● Input data
*** Begin section ***

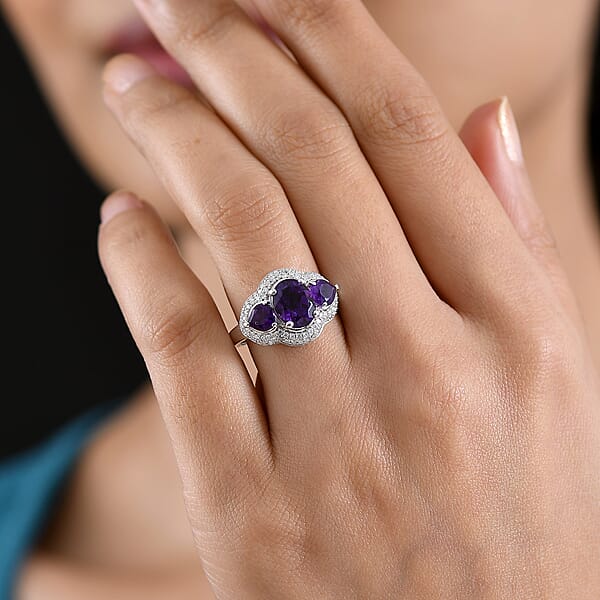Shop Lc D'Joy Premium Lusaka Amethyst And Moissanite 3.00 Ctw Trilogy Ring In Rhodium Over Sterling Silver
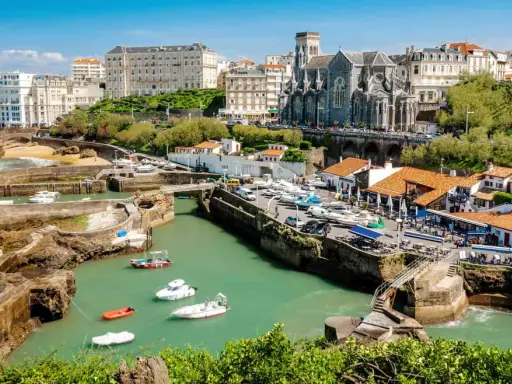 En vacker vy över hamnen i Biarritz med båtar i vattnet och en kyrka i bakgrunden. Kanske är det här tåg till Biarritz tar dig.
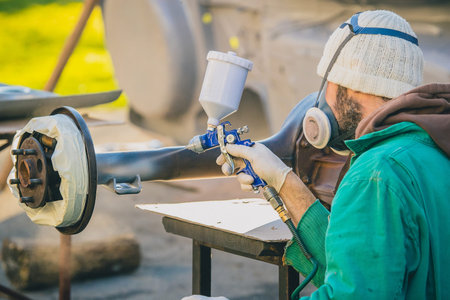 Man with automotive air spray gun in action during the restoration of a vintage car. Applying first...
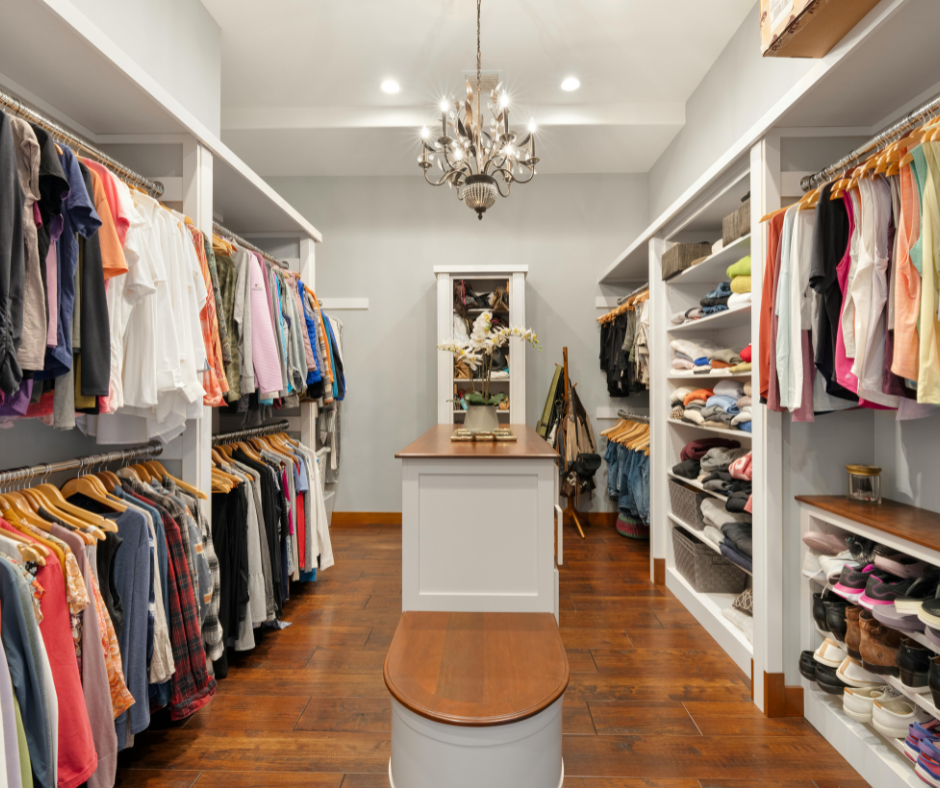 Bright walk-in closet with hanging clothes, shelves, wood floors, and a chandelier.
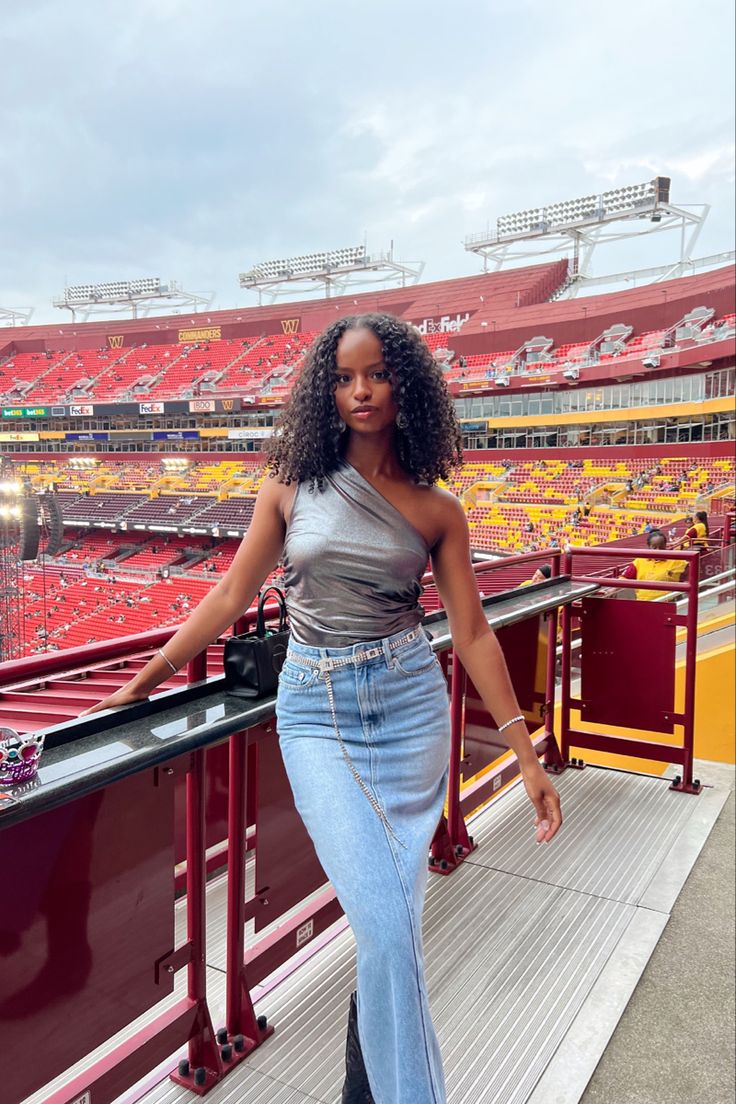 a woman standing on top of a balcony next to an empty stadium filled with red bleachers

*** End section ***
*** Begin section ***

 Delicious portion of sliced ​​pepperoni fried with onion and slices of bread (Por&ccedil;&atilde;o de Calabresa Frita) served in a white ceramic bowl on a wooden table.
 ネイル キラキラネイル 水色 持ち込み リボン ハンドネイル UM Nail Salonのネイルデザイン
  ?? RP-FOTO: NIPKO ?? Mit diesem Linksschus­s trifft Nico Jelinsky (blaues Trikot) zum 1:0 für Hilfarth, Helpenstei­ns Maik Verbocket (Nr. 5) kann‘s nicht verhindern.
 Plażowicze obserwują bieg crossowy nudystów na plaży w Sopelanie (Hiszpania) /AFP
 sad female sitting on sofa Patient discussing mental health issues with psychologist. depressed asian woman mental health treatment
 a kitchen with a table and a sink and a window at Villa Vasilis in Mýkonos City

*** End section ***

● How to complete this task
Beginning with the line above that contains "Shop Lc D'Joy" and finishing with the line that contains "a woman standing", print those lines exactly and only. Skip all pictures.

● Result for this task
Shop Lc D'Joy Premium Lusaka Amethyst And Moissanite 3.00 Ctw Trilogy Ring In Rhodium Over Sterling Silver
 En vacker vy över hamnen i Biarritz med båtar i vattnet och en kyrka i bakgrunden. Kanske är det här tåg till Biarritz tar dig.
 Man with automotive air spray gun in action during the restoration of a vintage car. Applying first...
 Bright walk-in closet with hanging clothes, shelves, wood floors, and a chandelier.
 a woman standing on top of a balcony next to an empty stadium filled with red bleachers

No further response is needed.